Exactly as written, print every line of the listing below and omit its pictures.

*** Opening of Data segment ***

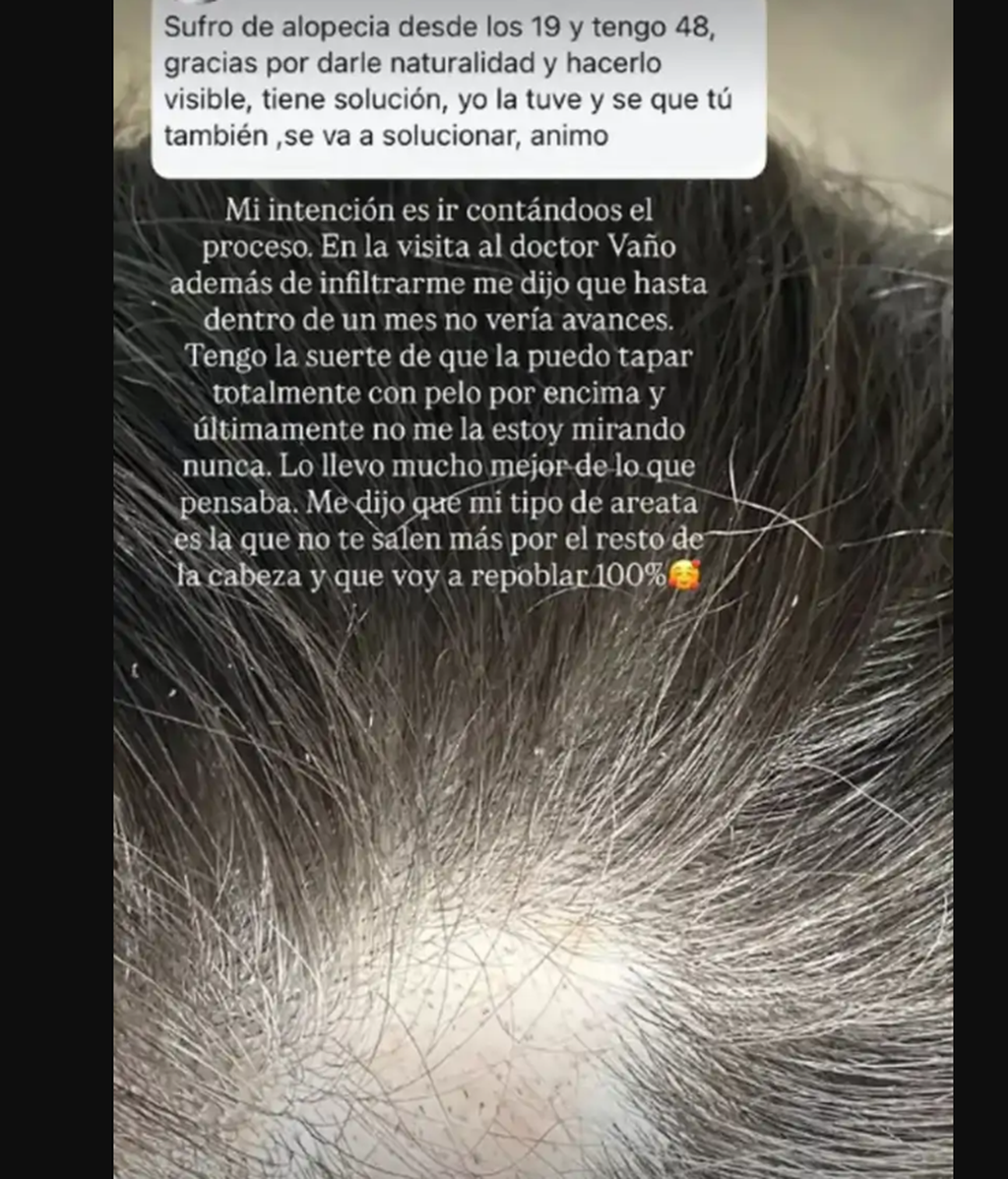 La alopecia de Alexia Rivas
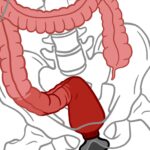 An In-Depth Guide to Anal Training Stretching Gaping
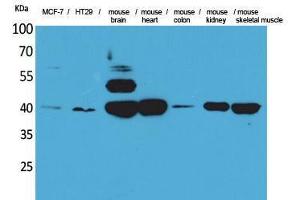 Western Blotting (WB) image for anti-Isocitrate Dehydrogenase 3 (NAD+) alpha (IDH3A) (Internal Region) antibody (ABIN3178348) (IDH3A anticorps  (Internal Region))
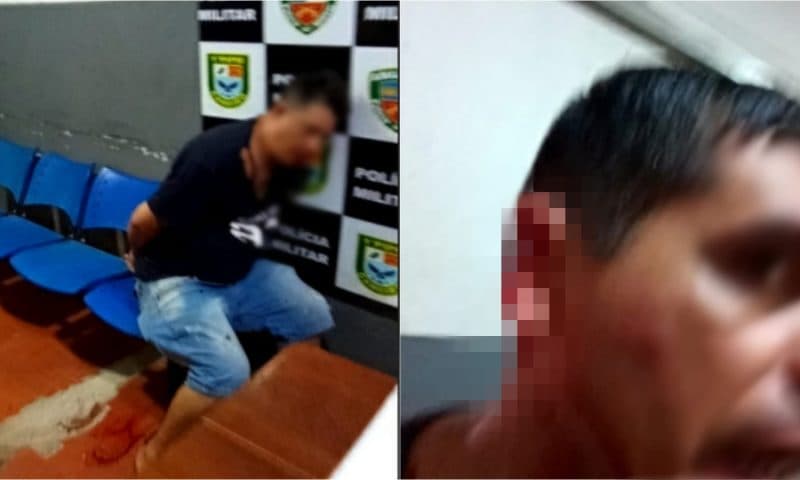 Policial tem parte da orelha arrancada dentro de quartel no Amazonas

*** Close of Data segment ***

*Response to the exercise*.
 La alopecia de Alexia Rivas
 An In-Depth Guide to Anal Training Stretching Gaping
 Western Blotting (WB) image for anti-Isocitrate Dehydrogenase 3 (NAD+) alpha (IDH3A) (Internal Region) antibody (ABIN3178348) (IDH3A anticorps  (Internal Region))
 Policial tem parte da orelha arrancada dentro de quartel no Amazonas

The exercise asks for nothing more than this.